F. C. — Aux Jeux de 1980, les femmes ne représentent encore que 15 % des participants. Cette même année cependant, deux femmes font leur apparition au CIO. En 1996 les instances olympiques se dotent enfin d’une commission « Sport et femmes » chargée de réfléchir à la féminisation des compétitions. En imposant l’obligation d’épreuves féminines dans tous les sports aux JO, elles enclenchent un effet domino : les fédérations internationales sont obligées d’adopter elles aussi une politique en faveur des femmes, bientôt suivies par les fédérations nationales. Les JO de Londres en 2012 marquent une avancée : pour la première fois, toutes les délégations comptent en leur sein au moins une athlète. On ne peut que se féliciter de l’égalité parfaite hommes-femmes obtenue pour Paris 2024. Cette parité vient récompenser un long parcours, même s’il reste des déséquilibres importants entre les pays et entre les sports. Un autre objectif reste celui de la féminisation dans la direction des institutions sportives. Là encore, l’élection récente de la première femme, Brigitte Henriques, à la tête du CNOSF (Comité national olympique et sportif français) est un symbole fort.

P. I. — Par extension, y a-t-il des minorités qui ont profité des Jeux pour faire valoir leurs droits ? Ou espérer, tout du moins, un minimum de reconnaissance ?

F. C. — Les Jeux olympiques sont une formidable caisse de résonance. Réussir à faire passer un message par l’entremise des Jeux multiplie vos chances de recueillir un écho. Encore faut-il que le CIO soit ouvert à ce type d’initiative. Or l’institution est frileuse. On a pu le vérifier avec l’émergence du mouvement Black Lives Matter : le CIO n’a rien fait, bien au contraire, pour que la scène olympique lui offre un terrain d’expression. Ce n’est pas la première fois qu’il refuse de s’engager au sujet de telle ou telle problématique majeure. Pourquoi cette attitude ? Répétons-le, le CIO revendique son apolitisme. Ce qui lui permet, on l’a vu, d’ignorer les régimes autoritaires, mais aussi, dans ce cas, de ne pas prendre position pour la défense des droits de l’homme.

P. I. — Comment devient-on chercheure dans le monde du sport ?

F. C. — L’atavisme familial y est pour quelque chose. Mes parents ont toujours été très sportifs et, à ce titre, passionnés par les JO. Enfant, je me demandais bien ce qui pouvait générer un tel enthousiasme pour ces compétitions en particulier. La vie a donc fait que j’ai toujours eu l’univers du sport en toile de fond. Après un bac scientifique, je me suis orientée vers des études universitaires en STAPS (Sciences et techniques des activités physiques et sportives). Rapidement, je me suis intéressée à l’histoire du sport, qui est une façon originale et passionnante d’étudier notre histoire. Et l’histoire du CIO est un monde en soi. Avec mon homologue — et mari ! — Patrick Clastres, je travaille plus spécifiquement sur les portraits des dirigeants olympiques.
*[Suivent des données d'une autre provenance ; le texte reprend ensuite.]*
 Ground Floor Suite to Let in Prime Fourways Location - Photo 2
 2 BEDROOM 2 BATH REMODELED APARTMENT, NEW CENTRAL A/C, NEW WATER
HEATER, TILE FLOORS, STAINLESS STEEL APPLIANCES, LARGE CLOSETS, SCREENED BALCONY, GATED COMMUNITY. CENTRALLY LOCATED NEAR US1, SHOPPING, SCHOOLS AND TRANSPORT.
P. I. — Le sport a longtemps été le parent pauvre des travaux académiques : les choses sont-elles en train de changer ?

F. C. — Depuis une vingtaine d’années, la perception qu’en ont les intellectuels au sens large n’est plus la même. Après avoir été longtemps considéré comme un élément de la « sous-culture », le sport a changé de dimension. Ses interactions avec les enjeux économiques, les mutations sociales, les questions culturelles et, bien sûr, les relations internationales ne sont plus discutées. Il y aura toujours des esprits chagrins pour contester cet élargissement du périmètre du sport, mais il s’agit sans aucun doute d’un combat d’arrière-garde.

(1) À l’issue de la prise d’otages, onze membres de la délégation israélienne trouvent la mort.

(2) 100 mètres, 200 mètres, relais 4 x 100 mètres, saut en longueur.